Five points on addiction and treatment from group’s report on opioid epidemic

Boston Health Care for the Homeless Program opened its sobering center in April 2016, filling what had been a conference room. (Photo: BHCHP)

The spiraling opioid drug epidemic has addiction treatments advertising on public transportation and local police looking at public lockboxes stocked with overdose treatments for use by passers-by – and now a more comprehensive approach proposed by a Cambridge working group. Led by vice mayor Marc McGovern, the group began work in August on a report released Friday on “Addressing the Opioid Epidemic in Cambridge.”

Here are five of the most worrisome and intriguing takeaways from the report, using the report’s original language when possible, though edited lightly for publication.

We’re about to start getting real-time information. Much of the information in the report comes from recent years, but may already be outmoded. (Consider, for instance, that overdoes deaths in Cambridge doubled in 2016 from the previous year, which was nearly a doubling of overdose deaths from the year before that.)

But now the Cambridge Public Health Department has developed a system to fill gaps in information “related to local demographics and geography.” Staff designed a system for collecting and analyzing weekly data from ambulance services and monthly Cambridge Health Alliance data, in addition to annual data from the AIDS Action Committee’s Needle Exchange and Overdose Prevention Program. Formal data summaries begin arriving “in late 2017.”

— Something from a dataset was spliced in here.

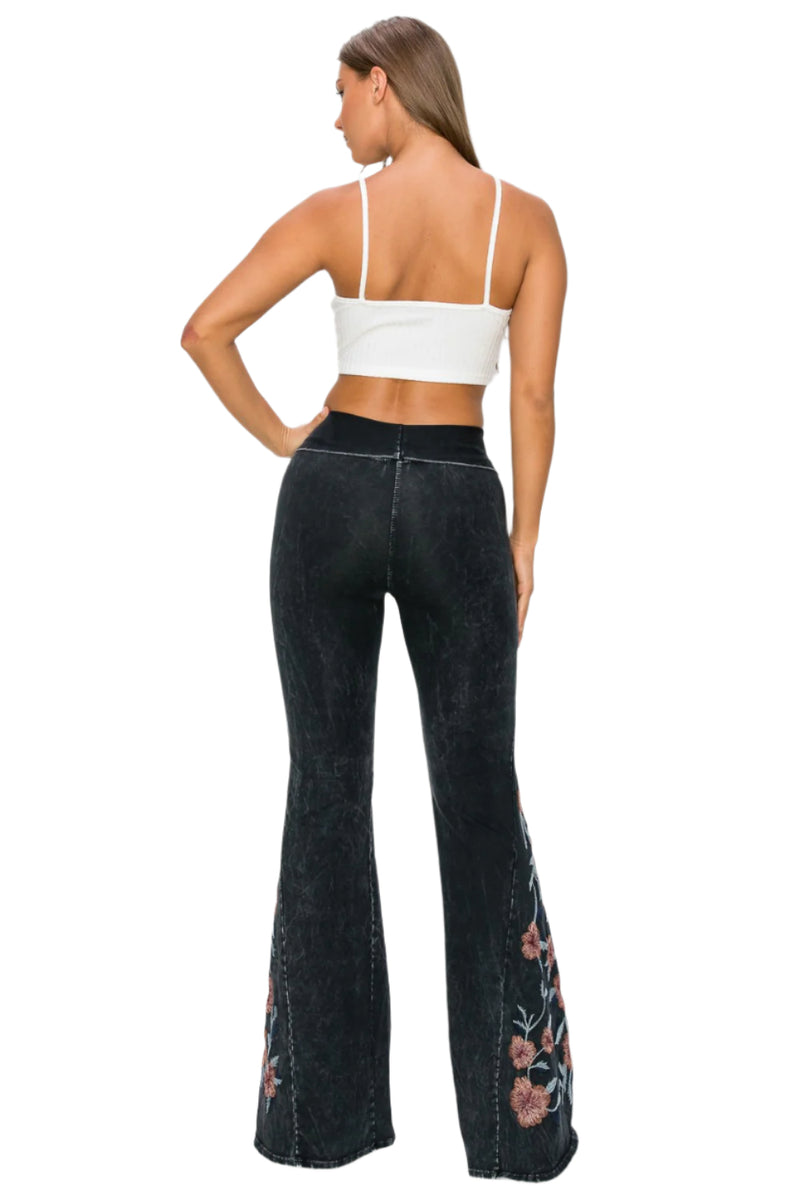 T-Party Desert Rose Embroidered Mineral Washed Yoga Pant - Black - Back Full View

Young adults are at risk. Opioids were behind more than a quarter of all fatalities in the state among those age 18 to 24, according to data from 2013-14, and more than one-third of all fatalities among those age 25 to 34 (as well as for more than 40 percent of men in this group). In 2015, roughly two out of every three people who died from opioids were younger than 45.

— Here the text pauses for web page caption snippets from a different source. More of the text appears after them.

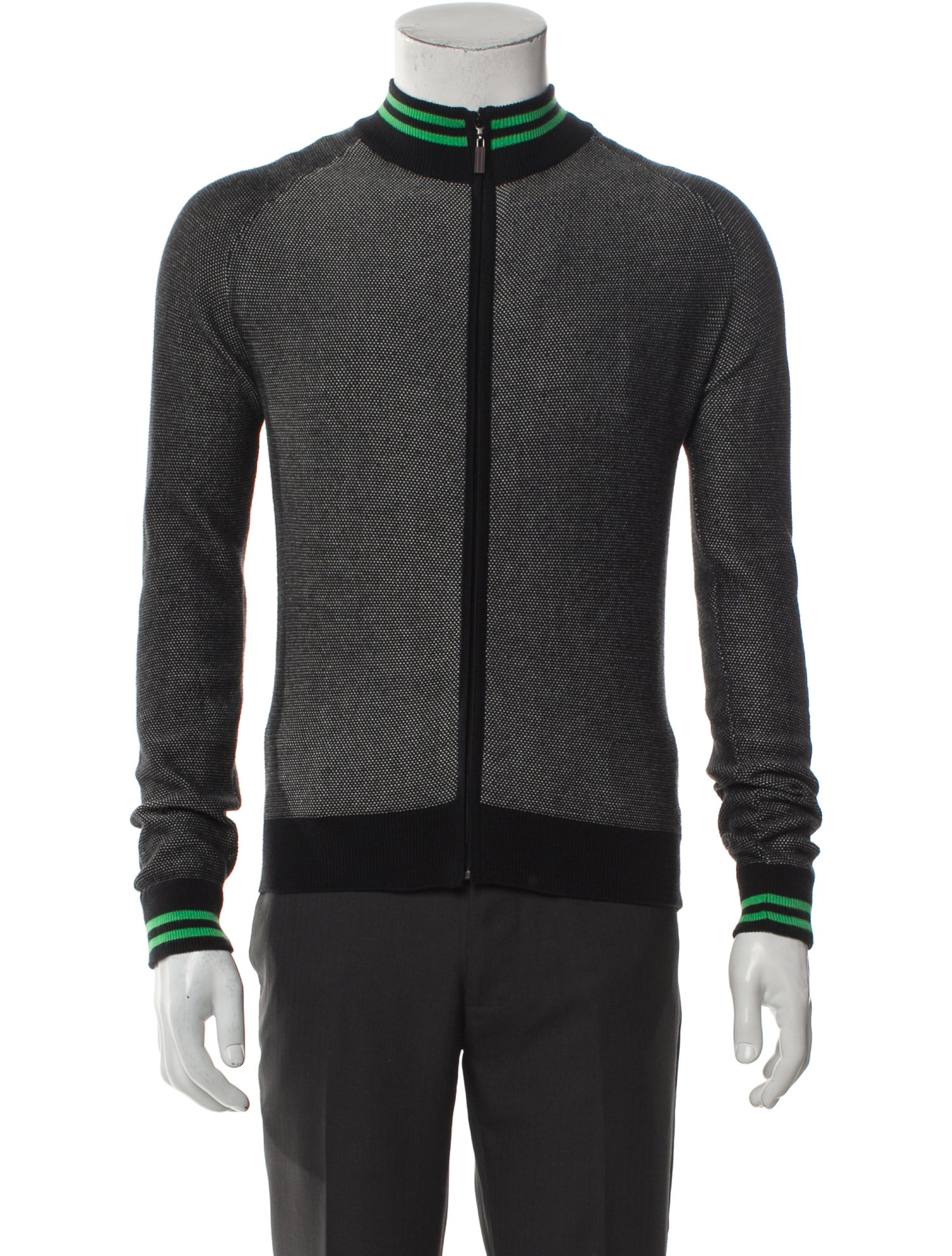 Burberry Golf Plaid Print Mock Neck Cardigan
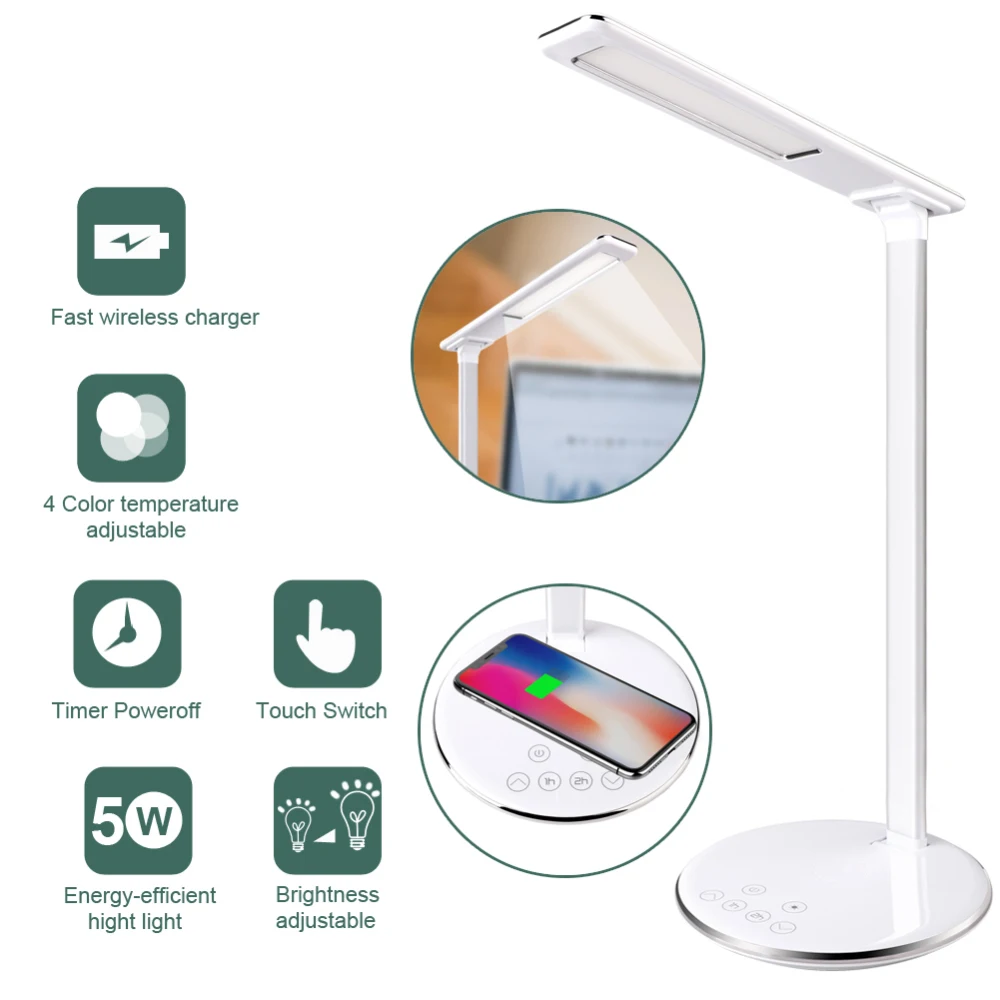 

LED Touch On/off Switch Desk Lamp Eye Protection Reading Dimmer Rechargeable USB Led Table Lamps QI Wireless Phone Charger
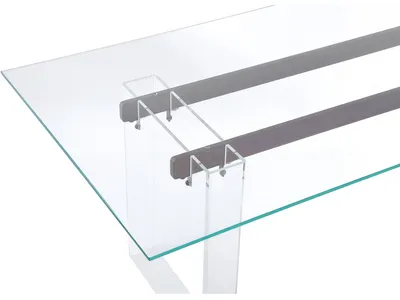 Moorea Double Pedestal Rectangular Dining Table in Clear Acrylic, Glass and Bronze Metal - Alternative View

More drug-disposal points are called for. Last year the city collected more than 9,800 pounds of unwanted medication at community “take-back” events; at four household hazardous waste collection days run by the Department of Public Works; by offering prepaid mailers to the public; and by maintaining a 24/7 medication disposal kiosk at the police department’s headquarters. McGovern’s working group wants a second safe medical disposal site for prescription drugs and needles open by spring and three more by spring 2020, likely at hospitals or pharmacies. (That’s right: The epidemic is still expected to be a thing in 2020.)

“It would be more convenient for residents that cannot travel to East Cambridge or are not willing to visit the police department,” the report says.

We need a sobering center. The Boston Health Care for the Homeless Program responded to an increase in opioid overdoses, which are magnified among the homeless, by creating a SPOT – a Supportive Place for Observation and Treatment – with medical monitoring and access to primary care and treatment for eight to 10 people at a time at high risk of overdose “who would otherwise be outside on a street corner, alleyway or alone in a public bathroom.” It’s cared for nearly 200 people in more than 800 incidents in just four months, and the working group suggests one for Cambridge.

The drop-in facility would have eight reclining chairs for people on drugs such as heroin who walk in, sometimes helped by friends or outreach workers. They are treated if an overdose occurs and monitored by medical professionals and connected with services. It is not “a supervised injection facility [or] a needle exchange program.”

Long-term treatment is talked about, but not supported. At the Aug. 7 committee meeting that sparked the report, Ronnie Springer of Boston’s Bay Cove Human Services talked about the near impossibility of opening a space with beds for drug treatment because “no one wants these people in their neighborhood,” despite the state’s “great emphasis” on holding people in treatment for as long as possible. That led the organization to begin figuring a way to get addicts to a 64-bed program in Stoughton that was half full, despite the difficulty of getting people there from Cambridge. A big part of the problem: Health care facilities aren’t getting reimbursed at a rate that covers their cost of treating addiction.